Location: Remote
Employment Type: Full-Time
Overview
Rialtes is seeking a Databricks Support Analyst to manage platform operations, ensure reliability of clusters and jobs, and support development of data workflows. Role requires hands-on experience with Databricks administration, SQL-based development, and basic Python.
Key Responsibilities
Primary: Platform Support
- Monitor and maintain Databricks clusters, jobs, workflows, and schedules.
- Troubleshoot issues related to compute resources, job failures, data ingestion completeness, schema changes, and data accuracy.
- Manage user provisioning, access controls, workspace permissions, and catalogs using Unity Catalog aligned with governance standards.
- Ensure cost-optimized cluster usage and enforce security, tagging, and compliance policies.
- Collaborate with Cloud Ops, Data Engineering, and InfoSec teams to resolve platform-wide incidents.
Secondary: Design & Development
- Assist in building Databricks workflows for ETL, analytics, and machine learning pipelines.
- Support development and optimization of notebooks and scriptsprimarily SQL, with some Python for transformations and validations.
- Implement best practices for job cluster configuration, Photon acceleration, Delta Lake, and Unity Catalog integration.
- Participate in unit testing, functional testing, UAT cycles, and production migration of Databricks jobs.
- Contribute to documentation including runbooks, SOPs, job catalogs, and data lineage.
Qualifications
- 5 years of experience in Databricks, data engineering support, or cloud platform operations.

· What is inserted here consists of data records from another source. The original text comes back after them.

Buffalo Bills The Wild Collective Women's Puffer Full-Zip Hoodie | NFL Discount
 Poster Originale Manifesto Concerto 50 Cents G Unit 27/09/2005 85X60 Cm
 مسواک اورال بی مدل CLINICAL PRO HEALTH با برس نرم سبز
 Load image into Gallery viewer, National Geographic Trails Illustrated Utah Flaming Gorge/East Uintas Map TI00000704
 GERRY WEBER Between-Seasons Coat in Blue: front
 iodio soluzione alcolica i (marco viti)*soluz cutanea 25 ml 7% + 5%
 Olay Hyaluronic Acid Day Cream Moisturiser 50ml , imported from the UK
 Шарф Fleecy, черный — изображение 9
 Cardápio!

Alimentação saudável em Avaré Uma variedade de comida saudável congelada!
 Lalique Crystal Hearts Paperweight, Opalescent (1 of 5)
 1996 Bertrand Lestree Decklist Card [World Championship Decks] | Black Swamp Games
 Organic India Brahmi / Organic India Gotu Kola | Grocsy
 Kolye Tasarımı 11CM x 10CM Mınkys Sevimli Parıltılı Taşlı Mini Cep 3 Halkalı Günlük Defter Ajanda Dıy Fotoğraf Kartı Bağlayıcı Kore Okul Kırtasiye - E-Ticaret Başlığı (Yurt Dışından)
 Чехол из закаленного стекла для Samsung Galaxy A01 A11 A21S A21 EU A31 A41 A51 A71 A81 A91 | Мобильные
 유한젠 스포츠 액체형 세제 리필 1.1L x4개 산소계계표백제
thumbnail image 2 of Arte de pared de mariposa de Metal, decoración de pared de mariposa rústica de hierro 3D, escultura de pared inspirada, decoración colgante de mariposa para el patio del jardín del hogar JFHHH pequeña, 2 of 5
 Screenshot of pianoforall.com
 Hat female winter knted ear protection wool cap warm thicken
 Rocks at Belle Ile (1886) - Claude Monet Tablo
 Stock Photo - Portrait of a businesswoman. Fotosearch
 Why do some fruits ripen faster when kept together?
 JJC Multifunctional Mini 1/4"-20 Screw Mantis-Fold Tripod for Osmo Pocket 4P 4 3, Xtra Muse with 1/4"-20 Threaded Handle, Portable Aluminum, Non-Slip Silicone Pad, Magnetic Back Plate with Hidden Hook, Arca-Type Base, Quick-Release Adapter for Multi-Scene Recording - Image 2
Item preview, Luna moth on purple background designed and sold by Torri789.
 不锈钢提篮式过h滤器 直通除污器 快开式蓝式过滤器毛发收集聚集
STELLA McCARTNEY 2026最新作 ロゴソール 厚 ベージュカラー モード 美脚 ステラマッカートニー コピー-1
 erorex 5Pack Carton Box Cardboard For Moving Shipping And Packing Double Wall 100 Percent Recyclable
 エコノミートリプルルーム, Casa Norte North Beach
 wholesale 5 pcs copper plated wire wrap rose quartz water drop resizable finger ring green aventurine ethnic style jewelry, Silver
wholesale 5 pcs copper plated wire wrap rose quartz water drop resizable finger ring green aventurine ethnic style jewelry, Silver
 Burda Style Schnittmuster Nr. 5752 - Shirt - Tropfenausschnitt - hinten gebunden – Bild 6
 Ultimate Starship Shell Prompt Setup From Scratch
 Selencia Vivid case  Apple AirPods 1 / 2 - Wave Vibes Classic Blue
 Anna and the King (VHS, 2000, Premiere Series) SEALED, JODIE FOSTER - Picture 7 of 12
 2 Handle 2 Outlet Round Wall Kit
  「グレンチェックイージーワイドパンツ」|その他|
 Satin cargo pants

- Strong SQL skills; working knowledge of Python preferred.
- Hands-on experience with Databricks clusters, job orchestration, Delta Lake, and Unity Catalog.
- Understanding of ETL workflows, CI/CD for data pipelines, and cloud environments (AWS/Azure/GCP).
- Strong debugging skills for job failures, performance bottlenecks, and ingestion issues.
- Ability to work in fast-paced environments with cross-functional teams.
Nice-to-Have
- Databricks Certified Associate or equivalent.
- Exposure to MLflow, Data Quality (DQ) frameworks, or Databricks Workflows orchestration.
- Experience with Git, DevOps tools, or monitoring solutions (CloudWatch, Azure Monitor, etc.).